Discussion in 'Miscellaneous [DB]' started by Alexandre, Feb 23, 2001.

  1. Alexandre


    Apr 14, 2000
    Hi Fellow bassists from USA, I am talking from Rio in the extreme border of Carnival!I want to
    spend my vacation studing for an audition but dont know what will happen to the city tomorrow!
    By the way,I have a little problem that I would like to bring to you in the hope that you can help me to solve.
    The problem is that I have prepared a list of pieces( that I already give to de examination crew)
    and it includes the Dittersdorf concerto- which part I have only in solo tuning- and other pieces that I have in concerto tuning or unnacompained , so I can play normal pitched even if the piece was wrote for solo tuning,
    I just have to tell the judges.I just have concerto tuning strings and do not want to change them.
    So, how can I get the piano score in concert tuning of the Dittersdorf concerto??!!
    Anybody can help me?!

    Thank You in advance.

    Alexandre Brasil ( yes, thats my last name!)

    PS: pardon my English. my spell checker is knocked out
  2. Lemur Music has the Schott Edition of the Dittersdorf with piano accompaniment. Check 'em out.www.lemurmusic.com
  3. Perhaps you don't quite understand the concept, Ed. :)

    With solo tuning, sure the bass is tuned a tone higher, but the player plays the piece just the way he/she would normally, only it winds up sounding higher. You still read off the same solo part and do all your fingerings as normal. Of course what you play as an A actually comes out sounding as a B.

    Consequently, many solo pieces conceived for solo tuning have the bass in, say D major, while the accompaniment is written in E major. The bass winds up sounding as if it is in E but the player is playing as though he/she is in D (only the bass is tuned higher).
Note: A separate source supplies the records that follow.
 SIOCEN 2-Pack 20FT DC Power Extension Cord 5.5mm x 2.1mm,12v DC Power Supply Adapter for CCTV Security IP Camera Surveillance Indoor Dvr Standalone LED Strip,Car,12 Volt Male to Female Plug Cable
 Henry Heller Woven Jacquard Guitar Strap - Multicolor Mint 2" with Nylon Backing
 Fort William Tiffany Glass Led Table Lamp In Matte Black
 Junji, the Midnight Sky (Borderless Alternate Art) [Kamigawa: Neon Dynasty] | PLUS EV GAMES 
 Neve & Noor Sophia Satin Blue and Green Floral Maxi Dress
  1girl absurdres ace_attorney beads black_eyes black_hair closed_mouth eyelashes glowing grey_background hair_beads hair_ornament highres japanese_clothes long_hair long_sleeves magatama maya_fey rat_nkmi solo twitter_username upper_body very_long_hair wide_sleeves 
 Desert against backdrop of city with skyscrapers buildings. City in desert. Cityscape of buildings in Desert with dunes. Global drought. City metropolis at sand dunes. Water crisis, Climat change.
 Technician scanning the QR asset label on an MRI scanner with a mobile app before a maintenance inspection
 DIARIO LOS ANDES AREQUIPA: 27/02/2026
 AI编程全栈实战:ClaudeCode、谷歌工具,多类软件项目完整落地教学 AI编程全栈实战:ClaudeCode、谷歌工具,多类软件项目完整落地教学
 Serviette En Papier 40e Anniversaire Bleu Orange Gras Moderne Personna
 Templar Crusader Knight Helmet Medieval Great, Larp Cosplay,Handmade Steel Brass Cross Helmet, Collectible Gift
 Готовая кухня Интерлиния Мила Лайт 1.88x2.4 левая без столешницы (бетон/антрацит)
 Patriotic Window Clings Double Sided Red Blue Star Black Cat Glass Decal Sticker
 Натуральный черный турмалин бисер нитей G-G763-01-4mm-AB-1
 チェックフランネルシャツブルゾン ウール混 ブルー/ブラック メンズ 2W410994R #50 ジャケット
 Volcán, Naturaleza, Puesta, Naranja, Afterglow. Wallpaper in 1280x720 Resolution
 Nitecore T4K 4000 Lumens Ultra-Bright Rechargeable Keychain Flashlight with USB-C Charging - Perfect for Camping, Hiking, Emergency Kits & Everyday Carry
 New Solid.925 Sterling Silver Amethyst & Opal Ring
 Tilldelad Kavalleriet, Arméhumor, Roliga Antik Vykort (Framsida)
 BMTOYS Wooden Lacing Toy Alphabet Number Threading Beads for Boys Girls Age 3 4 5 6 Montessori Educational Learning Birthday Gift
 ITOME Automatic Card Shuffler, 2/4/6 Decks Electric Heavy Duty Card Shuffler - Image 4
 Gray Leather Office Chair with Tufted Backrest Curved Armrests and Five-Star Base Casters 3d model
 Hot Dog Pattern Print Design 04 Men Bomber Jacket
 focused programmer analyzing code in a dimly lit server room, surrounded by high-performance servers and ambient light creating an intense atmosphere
    In effect, the bass has become a transposing instrument like a trumpet or a clarinet. For a B flat clarinet, when they play a C it actually sounds as a B flat in concert pitch.

    A bass in solo tuning is effectively a bass in D. When one plays a C in solo tuning, it sounds like a D.

    It is a huge pain since we need to change our strings to special solo strings that are designed for the higher pitch. Lots of people are starting to transpose the piano/orchestra parts instead so they can play in standard concert tuning.
  4. Alexandre


    Apr 14, 2000
    Thank you mr. Reedo. I will check it out!
    But do you know anyway I can get the score in the internet?
    Let me explain. When I realize that I have a problem, my first impulse was transcribe the solo score into the computer whit my finale program, so I will have the concert or solo tuning and could even play with it!
    But this task prove to be to fatiguating, and as I have not the time needed, I turned it out.
    Now I wonder if, in the internet, there is no site were the midi scores of the bass pieces are lying down the moon just waiting us to keep them and take them to the warm shelter of ours CPU's.That is it.
    Anyway I will contact Lemur, see how fast thay can send a chart and the import taxes of my country, which sometimes gets 50% the price of the product- sometime ago books are free of charge, but by now I am not so shure.
    Thank you again,

    Alexandre Brasil

    PS:Mr. fukua, bassists are people. All rigth! I just don't get the blue-grass thing. what is it?
    A vegetable? A musical stile like samba? Isn't it some kind of drug, is it?
  5. Somebody else posted a link to this site earlier:


    It does have MIDI's of the Dittersdorf in D. I haven't tried to see if they will print up in score format very well or not since I actually already have the orchestral tuning piano parts so I don't need to print a copy. I suspect since these were conceived as MIDI files, they might need an awful lot of cleanup to make a readable score. But hopefully I'm wrong. :)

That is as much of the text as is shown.